Tivoli Enquiry: D'Aguilar sets off Commission Chairman
Chairman of the Commission of Enquiry into the incursion into Tivoli Gardens Sir David Simmonds lost his patience shortly after the start of the long-awaited event this morning threatening to kick Convener of the Tivoli Committee Lloyd D’Aguilar out of the room.
There were early signs that the Commission of Enquiry would be testy when D’Aguilar identified himself without the presence of his attorneys and proceeded to speak, but was stopped in his tracks.
In the ensuing exchange, D’Aguilar accused Simmonds as well as another lawyer who sought to guide the process, of attempting to marginalise him, when they suggested that his lawyers needed to have been present.
The exchange had hardly subsided when D’Aguilar made reference to the quality of Terms of Reference of the Commission of Enquiry.
Simmonds who had earlier warned that he would not tolerate unbecoming conduct, lost his patience.

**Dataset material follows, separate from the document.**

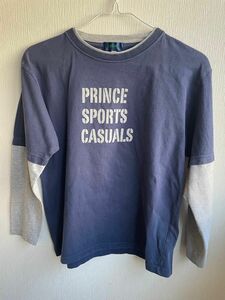 Prince ロンT 長袖Tシャツ　ネイビー　M ボーイズ　メンズ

Meanwhile, one of the lawyers representing the Jamaica Constabulary Force, Debra Martin served notice that she was apprehensive that the Independent Commission of Investigations (INDECOM) will use evidence provided to the Commission of Enquiry against the police.

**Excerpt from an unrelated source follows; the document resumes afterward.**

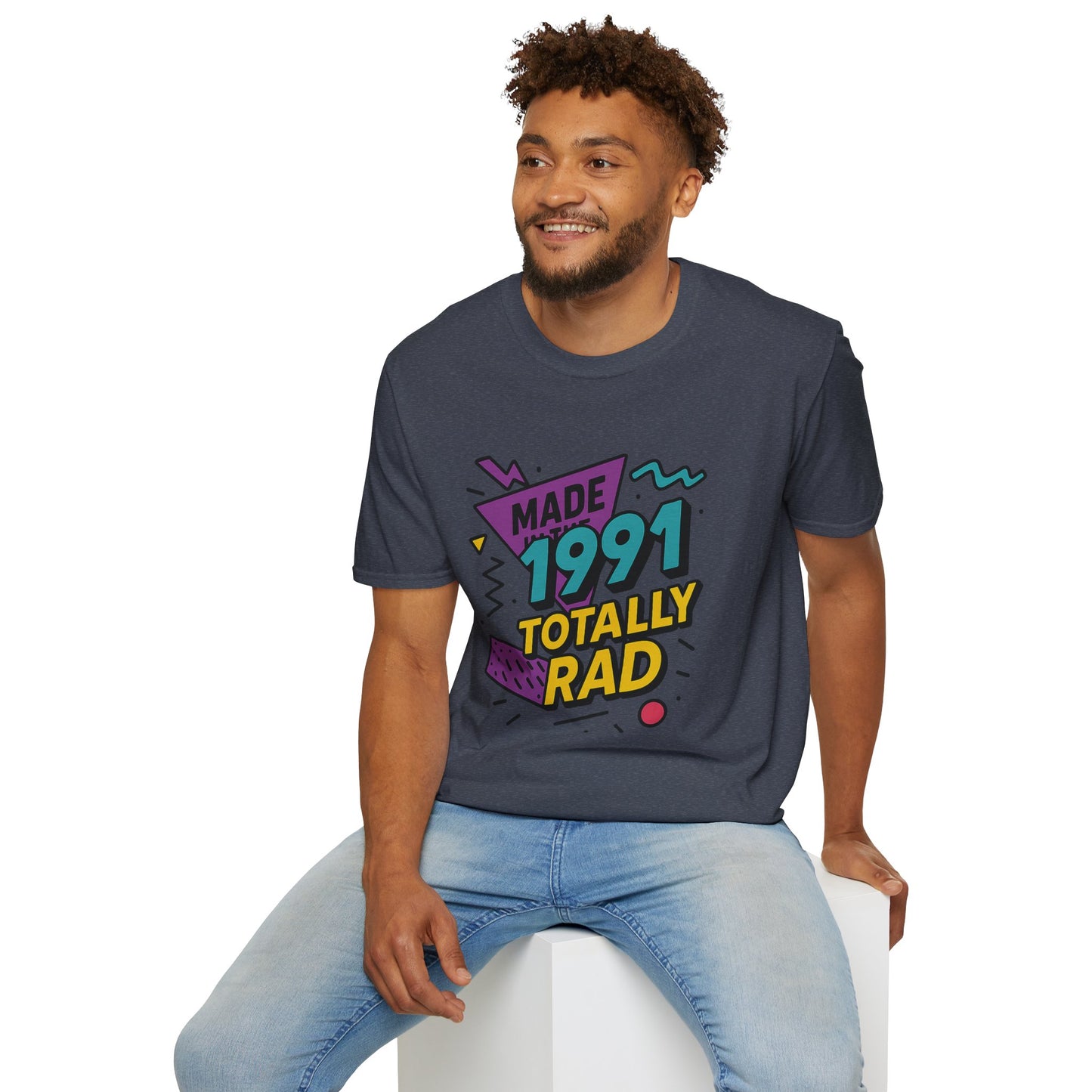 Made in 1991 Totally Rad T-Shirt Retro 90s Birthday Vintage Tee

Terrence Williams, the head of INDECOM said he would utilize information garnered by the commission to advance his investigations.
In response Martin questioned whether immunity from prosecution would be granted to police personnel who appear before the commission.
Williams rebutted that the enquiry was not intended to shield persons from prosecution and that witnesses would be protected from self incrimination.
Meanwhile, Chairman Sir David said he would ensure that the enquiry is not abused for ulterior motives.